Prof. Dr. Haydar Baş Hocamızın, 'İmam Hüseyin' eserinde, Aşura gününde yapılan beddua hakkında şu bilgilere yer veriliyor:
"Hürr bin Yezid er-Riyahî, nasıl İmam Hüseyin'in (a.s.) konuşmalarından etkilenerek imanla ve şehadetle şereflenmişse, bazıları da bu hutbeler karşısında kendi azaplarını arttırmışlardır. Aşura gününde İmam Hüseyin (a.s.)'ın hutbeleri karşısında ona karşı inatlaşarak küfürde ısrar edenlerden üçü nefsine engel olamadı ve İmam (a.s.)'la sözlü mücadeleye girişti. İmam (a.s.)'ı inciten bu harekete karşı bu kişilere beddua etmiştir. Bu kişilerden birisi Muhammed b. Eş'as'tır.

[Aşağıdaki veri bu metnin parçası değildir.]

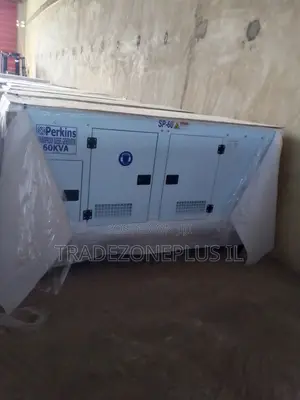 Perkins 60KVA Soundproof Generator Unit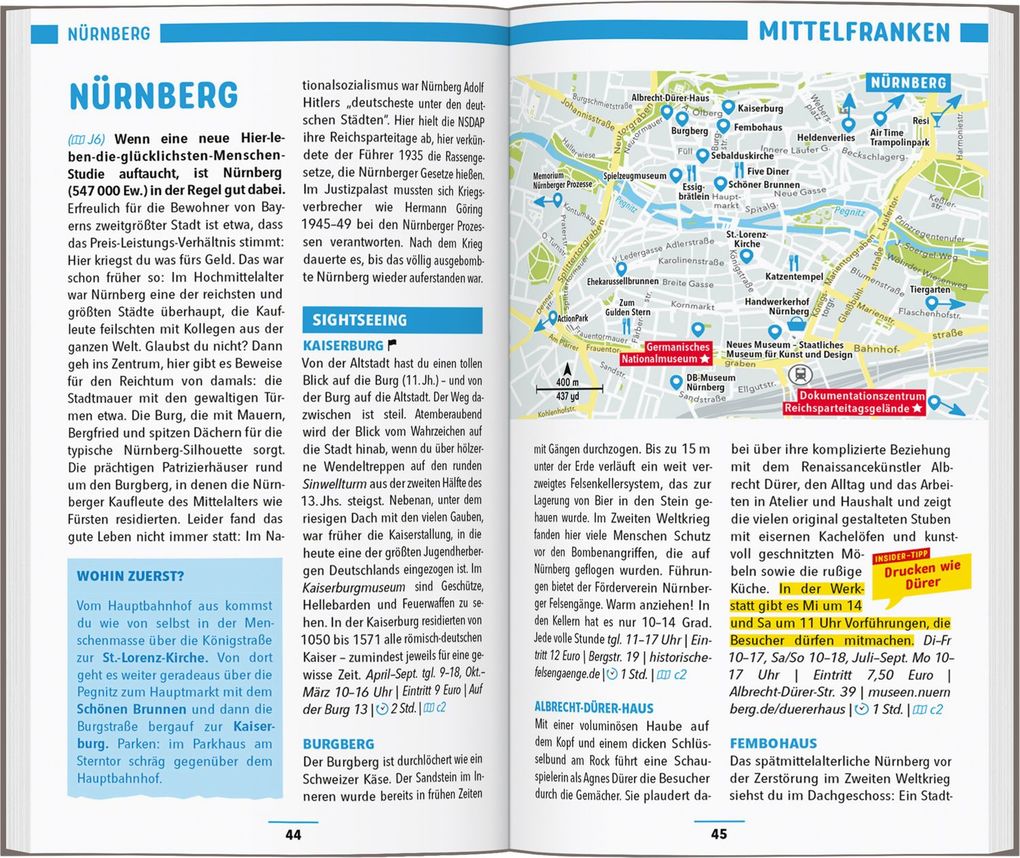 Weitere Ansicht: MARCO POLO Reiseführer Franken, Nürnberg, Würzburg, Bamberg | Nadine Luck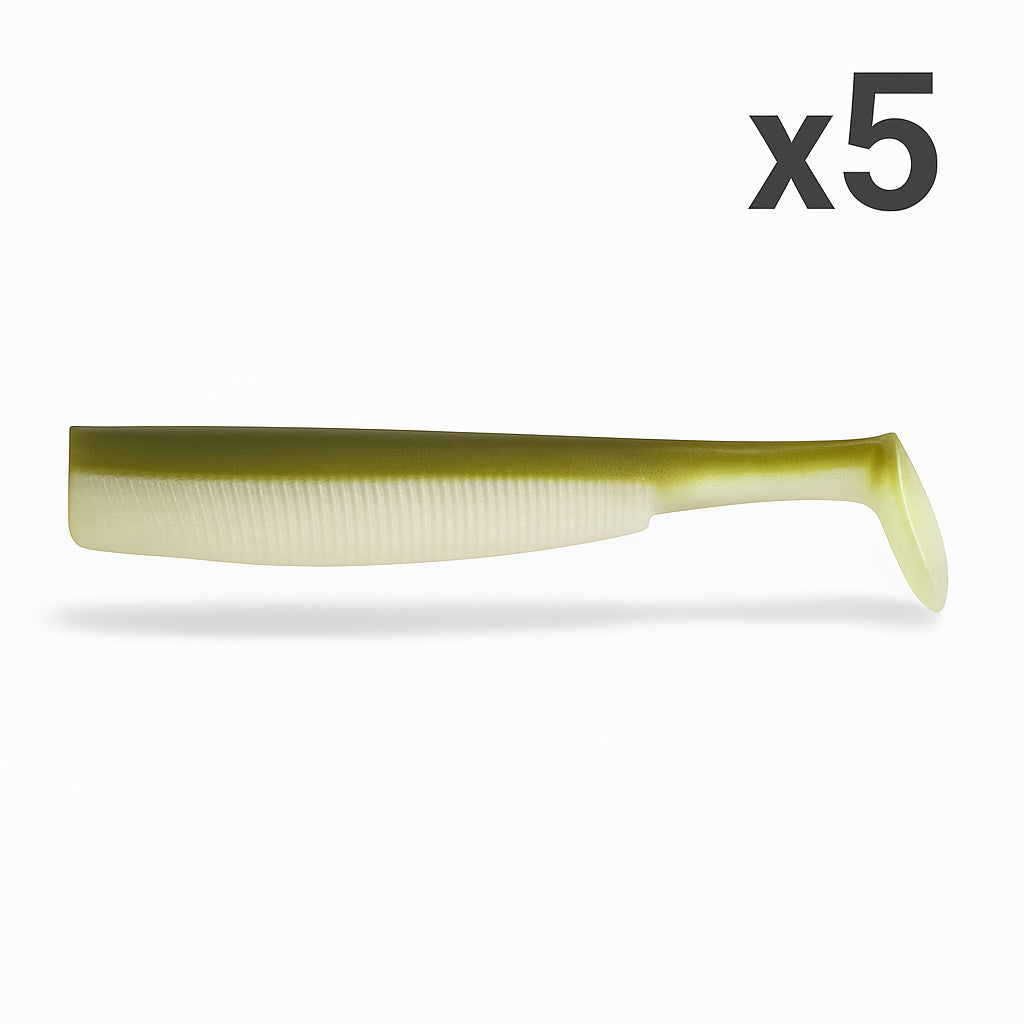SurgeTail Shad Body - 7cm 5g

İmam (a.s.) konuşmalarından bir netice almadığını ve halkın ona karşı saldırıya geçtiğini görünce yüzünü göğe doğru kaldırıp şöyle niyazda bulundu: "Allah'ım! Biz Peygamberin (s.a.v.) Ehl-i Beyt'i, O'nun torunları ve yakınlarıyız. Allah'ım! Bize zulmeden ve hakkımızı gasp eden kimseleri zelil ve mahvet! Şüphesiz sen, kullarının duasını duyan ve onlara en yakın olansın."
Ordunun önünde olan Muhammed b. Eş'as, İmam (a.s.)'ın bedduasını duyunca ileri çıkıp, "Seninle Muhammed (s.a.v.)'in arasında ne gibi bir yakınlık var" dedi. İmam (a.s.) bu açık inkar ve inadı onda görünce şöyle beddua etti: "Allah'ım! Onun bugün acil bir şekilde zillete uğramasını bana göster."
Muhammed b. Eş'as hakkındaki bu dua derhal müstecab oldu, o çok geçmeksizin def-i hacet için ordudan ayrılıp biraz uzaklaştıktan sonra bir köşede oturuverdi. O sırada siyah bir akrep onu soktu ve böylece avret yerleri açık bir şekilde helak oldu. (Maktel-i Harezmî, c.1, s.249).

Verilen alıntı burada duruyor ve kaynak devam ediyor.